The Zurich Prosocial Game (ZPG) [27] was selected as it provides a measure of prosocial behavior (i.e., helping). In addition, it includes conditions that are designed to measure the impact of reciprocity, costs, and distress on helping behavior. In this game participants move a virtual character (smiley) in a maze to reach treasures and stars in a limited amount of time. Treasures are converted into points. Participants were instructed that the goal of the game was to acquire as many points as possible using treasures and stars. Treasures were worth 50 points and stars which appeared on the paths were worth 20 points, each. Points acquired were not converted to money.

In each round of the game, a different alleged participant was displayed as playing the game at the same time on the screen. Participants were instructed that they would share the screen with a different player for each round and that both players could reach their treasure independently of each other, as each player had two separate paths to choose from. During the game, doors (red or blue) that fell on the paths could block the participant and the other player from advancing to the treasure.

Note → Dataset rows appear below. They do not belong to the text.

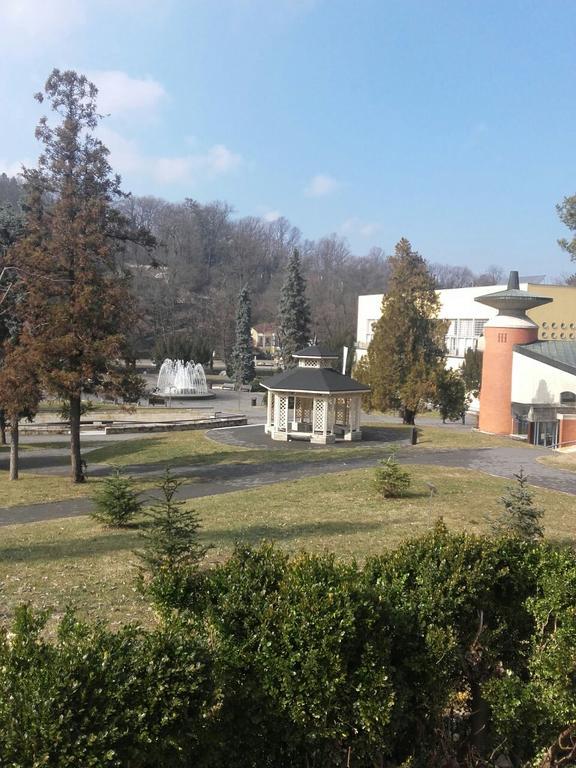 Apartmani Radulovic Vrnjačka Banja Extérieur photo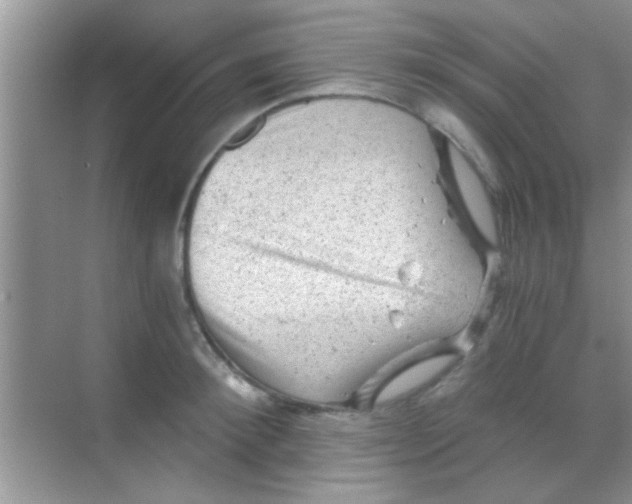 X0000068280900200605051838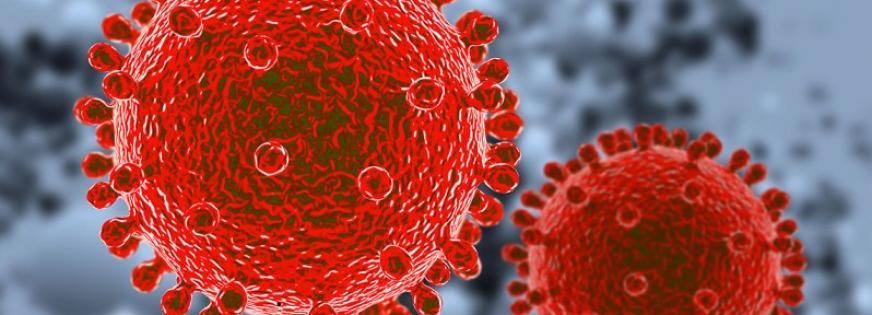 Coronasmitte på Baltorpskolen, afd. Rugvænget: Alle elever under 12 år skal have en negativ PCR-test inden fremmøde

Participants were instructed that red keys opened red doors and that blue keys opened blue doors irrespective of the path the doors fell on. Each time participants used their own keys to open the door of another player, this was counted as prosocial behavior. Participants could see the number of doors that were going to fall during the game, the keys they had, the keys of the other player, as well as the time they had left. Each game ended when both players had reached their treasure or when the time was up.

The ZPG included different types of trials in order to test the effect of different factors (reciprocity, distress, cost, and competition) on prosocial behaviors. The ZPG has a total of 11 trials, from which 10 offer the participants the opportunity to help the other, under different conditions that sometimes occur together and are thus not mutually exclusive. To observe the impact of reciprocity on prosocial behavior, four out of ten trials were "Reciprocity" trials in which the participant received help from the other "player" before having the opportunity to reciprocate this help. Conversely, four trials were in the "No Reciprocity" condition, in which the participant did not count on the help from the other. In order to investigate the effects of perceived “Distress” on prosocial behavior, the character of the other "player" began to cry when blocked by a door (visually, and participant heard sounds of crying via headsets) in five trials. There were also trials aiming to evaluate the cost of helping. Among these trials, there were four “high cost” trials where participants pay a price when helping the other player. More precisely, they had to give up their last key of a certain color when helping the other player, while one more door of that color was yet to fall and could thus block the participant from reaching their treasure. In the four “low cost” trials there was no such risk. Finally, three trials aimed to observe whether participants helped rather than increased their own profits (here: points). In these trials, a star appeared at the same time as the other "player" was blocked, leading to a kind of competition between helping the other or scoring more points. These situations were referred to as the "Helping Competition" condition. All trial types were randomized, and each participant completed all ZPG conditions.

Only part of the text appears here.